My femur was smashed pretty badly into 5 pieces, they think I hit the brake as it hit the tree and my femur came into contact with the steering wheel from beneath it. That shows you how hard the car hit the tree and the forces involved. If the dashboard or seat would have shifted as in most other vehicles in this level of crash and made contact, I would have ended up with smashed knees, pelvis, goodness knows what else. 

The seatbelts are also sensational, I was told most people in accidents at half the speed would definately have had cracked/broken ribs and other issues due to load on the belts... not in the Phaeton! I also don't know why other cars don't include dual pre-tensioners as standard as this clearly kept me firmly in the seat and probably contributed to protecting my spine from damage. I know the old s-class's used to have them. 

Oli


----------



## dlouie (Oct 31, 2008)

Glad you are ok Oliver. I thought the newer Phaetons did away with the dual pre-tensioners. Can anyone confirm this? 

Damon


----------



## EnglishPhaeton (Dec 6, 2010)

dlouie said:


> Glad you are ok Oliver. I thought the newer Phaetons did away with the dual pre-tensioners. Can anyone confirm this?
> 
> Damon


 Quite correct Damon, form about 2008 I think.  

Stu


----------



## OliverG (Jan 30, 2012)

I am pretty sure the dual pre-tensioners still come with the 18-way seats, but would be grateful if someone could confirm


----------



## Realist42 (May 14, 2006)

OliverG said:


> I am pretty sure the dual pre-tensioners still come with the 18-way seats, but would be grateful if someone could confirm


 Hi Oliver, 


Glad you are intact... 

As for seats and seat belts, the GP0 and GP1 (first face lift) had the double roll - double pretensioner setup, as of the GP2 (so late 2009) they have adopted a more standardised setup with a single roll and pre tensioner, with the clasp/catch floating rather than fixed. I believe the reasons were to make the seat cheaper to manufacture (supplier also changed at this point) and it also saved significant weight on the seat (I think it was in the region of 10-15kg per seat). 

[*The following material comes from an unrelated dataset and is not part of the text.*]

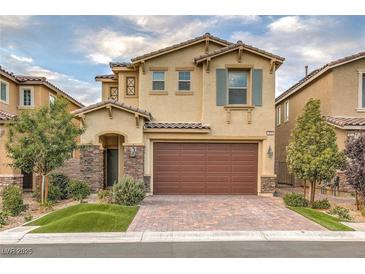 Charming two-story home featuring a well-manicured lawn, stone accents, and a brown two-car garage door at 3026 Coveri Ct, Las Vegas, NV 89141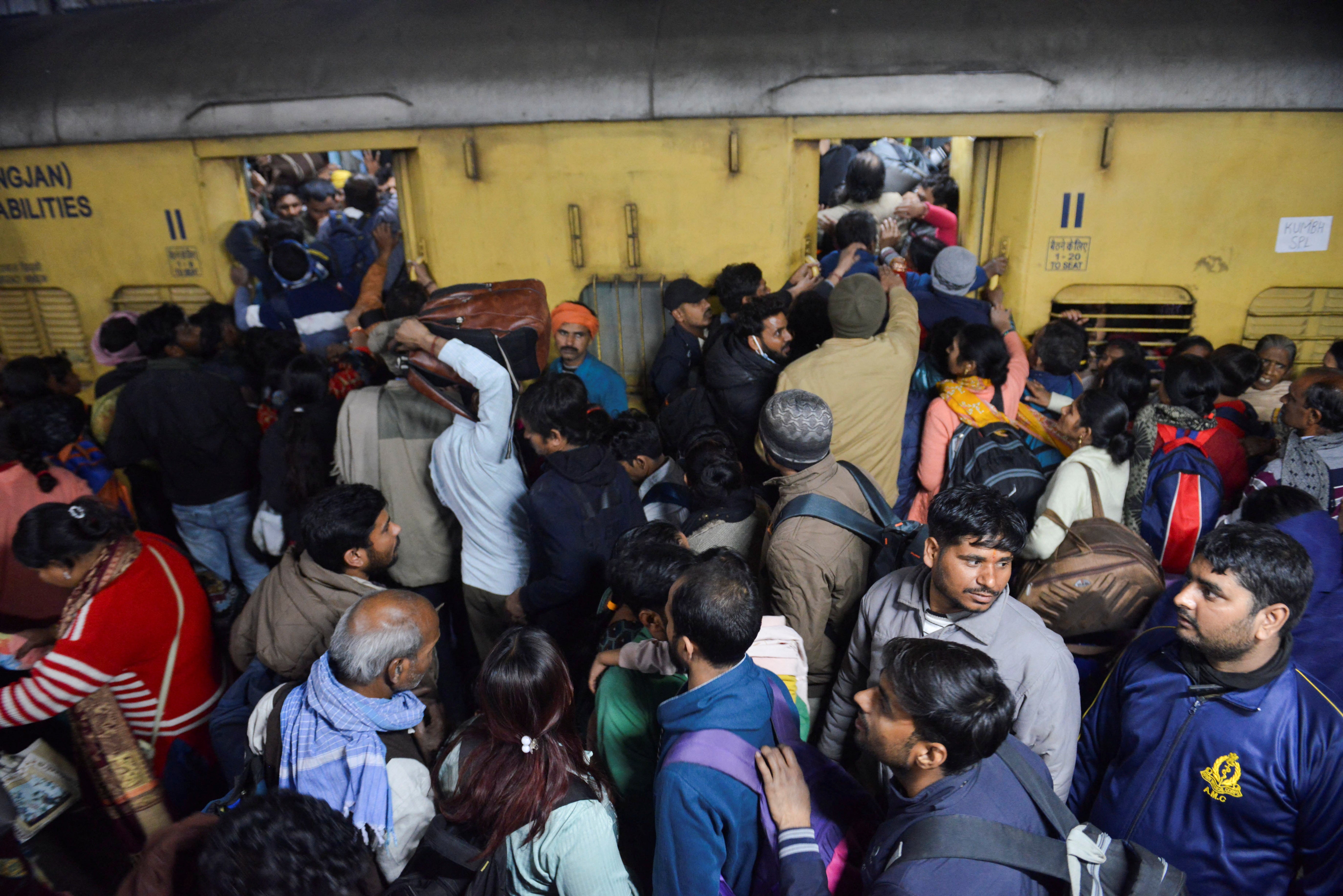 Passengers, including Hindu pilgrims on their way to attend Maha Kumbh Mela, jostle to board a train at the New Delhi railway station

The official reason was that the old seats had a tendency to squeak and or rattle, whereas this is not the case with the new arrangement (there is some truth here, but I suspect cost was the main driver) 

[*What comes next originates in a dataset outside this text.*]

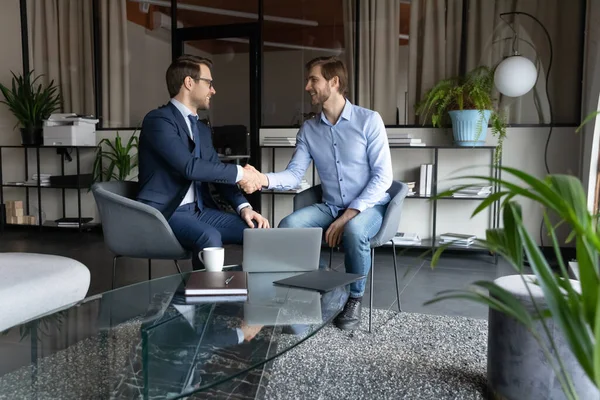 Felice due partner maschi che si stringono la mano, facendo un accordo in ufficio. — Foto Stock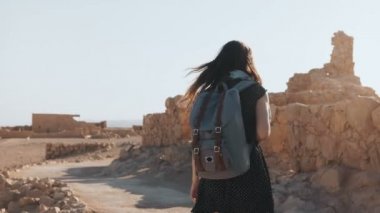 Kadın sırt çantası ile antik duvarlar arasında yürüyor. Çekici beyaz kadın turist dağ panorama sahiptir. Masada. 4k.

Not sure this will make the seats any less safe than the old ones, having both, I can see good and bad things with both... 

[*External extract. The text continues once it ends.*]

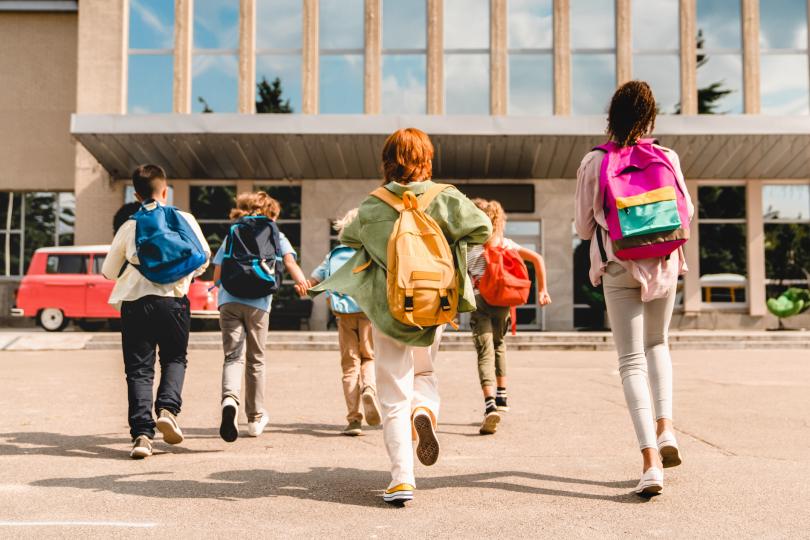 Kids run to enter school.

(as an aside, the massage function is not as strong on the newer seats) 

Regards, 

Johan


----------



## Realist42 (May 14, 2006)

Realist42 said:


> Hi Oliver,
> 
> 
> Glad you are intact...
> ...


 ...just a thought, one for others to chime in on, I think that 'load limiting' pre-tensioners was the thing that was the saving grace here, the fact that there were two rolls with pre-tensioners is more an artefact of the design of the comfort seat... Or is that what made the difference? Just asking as the dual roll arrangement is not available any more, and I suspect we all like to know if the older cars are safer than the newer ones. 

Regards, 

Johan


----------



## OliverG (Jan 30, 2012)

thanks for clarifying that Stu, Damon & Johan, appreciate your help 

Out of interest I wonder if there are any other cost cutting areas that may (or may not) have any bearing on the safety of the vehicle through the different model years


----------



## Prince Ludwig (Mar 24, 2007)

I doubt anything structural will have been changed between model years as it would incur far too much cost. 

Harry


----------



## tynee (Dec 19, 2007)

*Tires*

I agree with the tire comments. I purchased mine with crap Chinese rubber, and they fell apart and made a terrible rumbling. I went with the Yokohama Advan Sports and love them. Good tires are money well spent. Enjoy your new ride, us U.S. owners are envious of your diesels. 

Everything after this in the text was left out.